[Opening LISTED ENTRIES section]
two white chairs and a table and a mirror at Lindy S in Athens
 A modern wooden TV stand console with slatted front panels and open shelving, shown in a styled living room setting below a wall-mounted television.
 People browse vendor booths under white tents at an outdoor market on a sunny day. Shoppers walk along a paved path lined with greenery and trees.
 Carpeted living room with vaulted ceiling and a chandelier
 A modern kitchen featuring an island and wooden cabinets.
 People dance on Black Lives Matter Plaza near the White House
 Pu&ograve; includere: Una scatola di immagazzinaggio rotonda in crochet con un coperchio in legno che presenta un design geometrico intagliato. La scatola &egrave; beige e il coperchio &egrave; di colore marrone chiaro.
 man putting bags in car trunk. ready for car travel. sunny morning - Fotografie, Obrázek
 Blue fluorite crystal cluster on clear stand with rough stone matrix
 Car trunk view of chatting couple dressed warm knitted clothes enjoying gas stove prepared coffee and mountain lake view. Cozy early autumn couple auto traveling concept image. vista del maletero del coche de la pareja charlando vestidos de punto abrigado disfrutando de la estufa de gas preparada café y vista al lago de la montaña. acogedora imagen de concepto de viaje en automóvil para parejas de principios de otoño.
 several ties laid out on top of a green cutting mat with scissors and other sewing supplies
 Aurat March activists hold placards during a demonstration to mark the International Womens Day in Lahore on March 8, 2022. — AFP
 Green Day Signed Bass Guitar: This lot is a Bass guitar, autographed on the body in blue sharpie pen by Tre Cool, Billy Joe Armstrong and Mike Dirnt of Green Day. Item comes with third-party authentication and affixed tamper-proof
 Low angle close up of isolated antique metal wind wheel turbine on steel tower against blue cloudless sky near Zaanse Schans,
[Closing LISTED ENTRIES section]
WHAT IS NEEDED: Every line above that includes the word "room" must appear in the answer.

WRITTEN RESPONSE:
 A modern wooden TV stand console with slatted front panels and open shelving, shown in a styled living room setting below a wall-mounted television.
 Carpeted living room with vaulted ceiling and a chandelier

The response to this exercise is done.